Mom knew poverty and uncertainty. Ration coupons from the war lay on her dresser, a reminder of harsh realities. Nothing ever went to waste in our household, not food, not water, not clothing. “Many have less than us,” she claimed. She would then insist we be conservative and share.
She knew sorrow well, having lost her parents when she was young, and then two of her nine children. As the years passed, she also lost her sisters and many of her friends.
Mom was a woman of faith. Throughout the day, you could hear her quiet entreaties. Prayer was always on her lips. When mom walked from one room to the next, she prayed – for this person or that friend or for our country. She’d stand at the sink washing dishes and invoke help, from the angels, from Mary the mother of our God, and from the Holy Spirit. “Pray always,” she’d remind us.

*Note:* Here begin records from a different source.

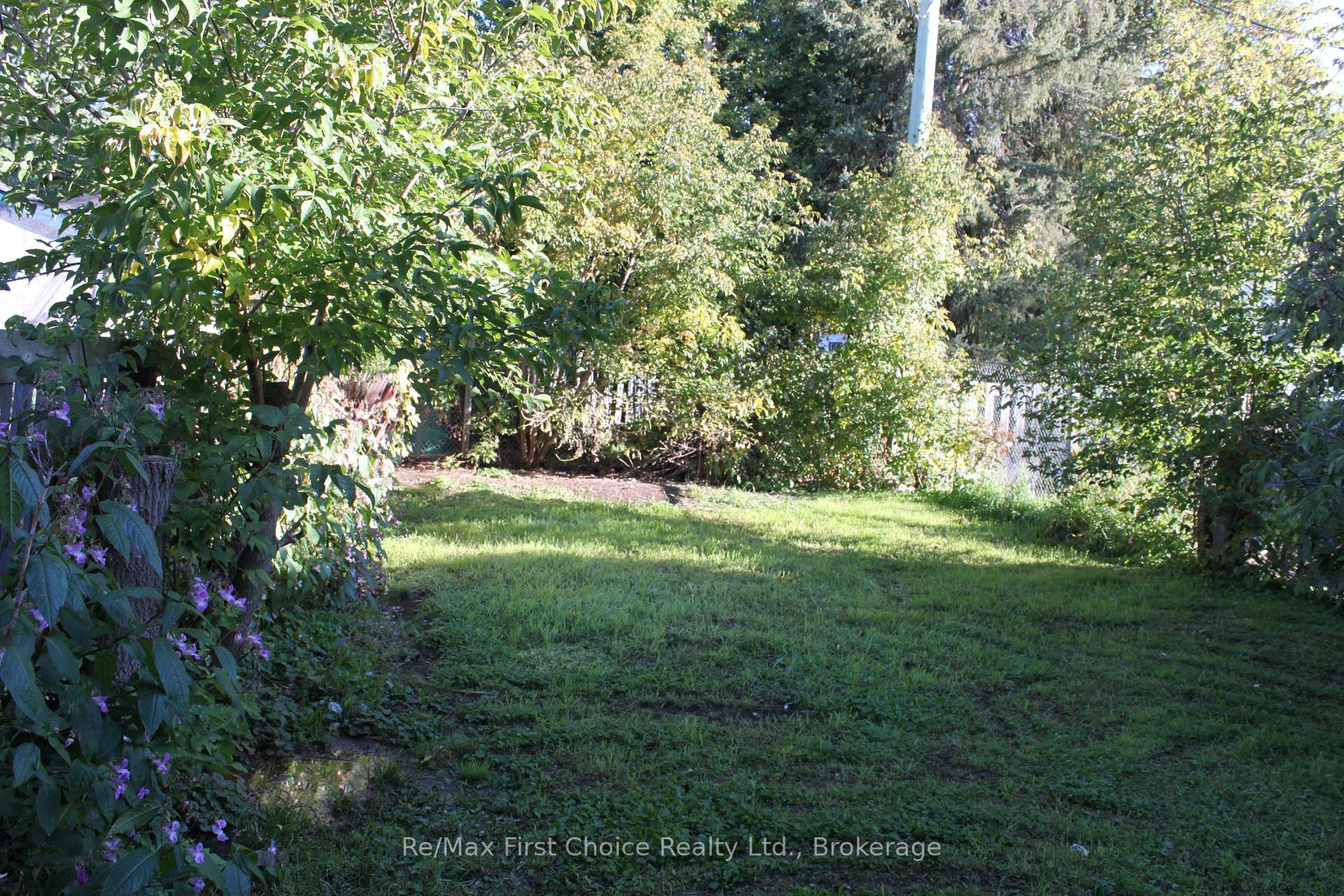Photo 2 of 195 Limbrick Street, Thunder Bay, Northwood Park — HOMEH
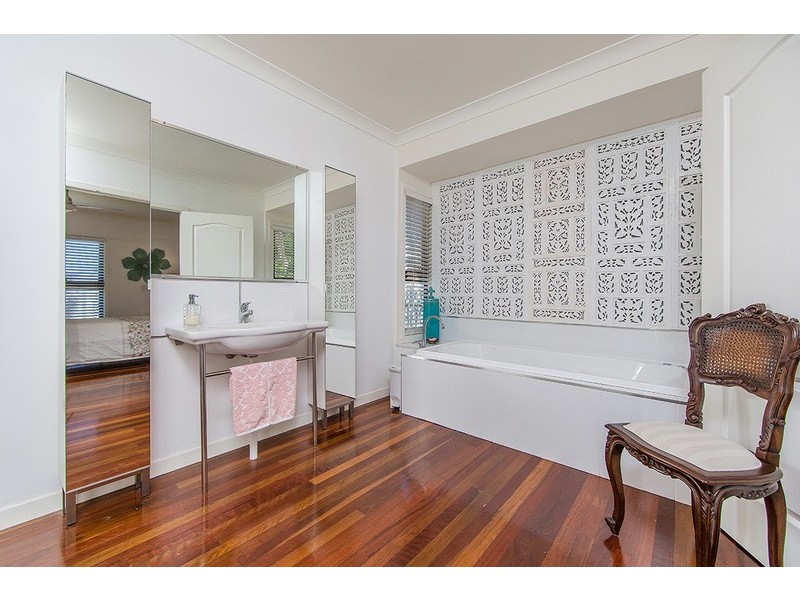 42 CENTRAL AVENUE, Scarborough QLD 4020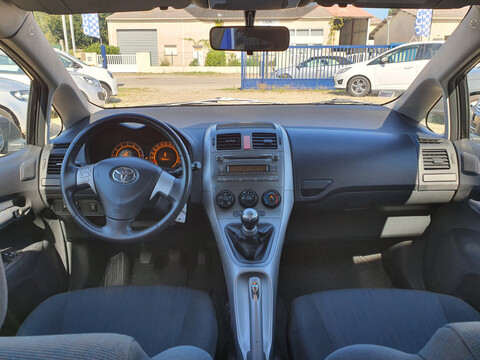 TOYOTA AURIS 1.4 VVTi 97 Terra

This busy mother fought death to the end, but when the doctor finally said that nothing more could be done, she simply responded, “I am ready.”
It was then that she met with each of her seven children. Barely managing each breath, she whispered her I love you and offered a few words of guidance.
When I was at mom’s bedside, she told me she loved me, mentioned a few family concerns, and then in a barely audible voice she said, “I don’t know what to expect.”
This precious little woman, who had spent her life busy with raising a family and helping with the farm, now was unsure of what would happen next. I was surprised by the words.
She taught me to pray when I was quite tiny. “Get on your knees,” she would instruct. “Offer up your pain for the poor souls in purgatory,” she’d suggest. Then, she’d lead us in the Lord’s Prayer. Mom had us pray for family and friends, for anyone suffering, and always for our country. She’d share stories of angels and saints, of miracles and wonders, of midnight visitations and afternoon impressions. This fragile diminutive woman had instructed my siblings and me of the invisible eternal. And, I lived with those images as a child until they became as real to me as the world we see.
Yes, I was surprised by mom’s words to me. “I don’t know what to expect.” But then I wondered, did she know? Did she know that I had studied near-death experiences? That I had written of the dying process? Had I ever told her?
I don’t know what to expect. Simple words, but a storm of thoughts followed. I held back my tears and took her hands in mine.
“Mom, I will tell you what friends have said and what the research has shown. The angels are coming soon, mom. You will see them in the light. Just follow their lead. Your sisters will join you, as will your mom and dad and your babies. Your whole family is waiting for you. It will be a wonderful reunion. There will be much joy.”
Her breaths grew slower.
I told her of Charles, a friend I met in my prayer group. He had died twice and because of that, he had no fear of his final death. Through his experiences, he saw that life continues. He spoke of celestial beings, of extraordinary love, of boundless joy. And, he told the prayer group that he looked forward to death.
I shared these things and more. And, as I spoke, her eyes closed, and her breathing slowed. She had fallen back to sleep, to the middle ground between this world and the next. And I wondered, did she really need to know what to expect or did she want me to remember that life never ends?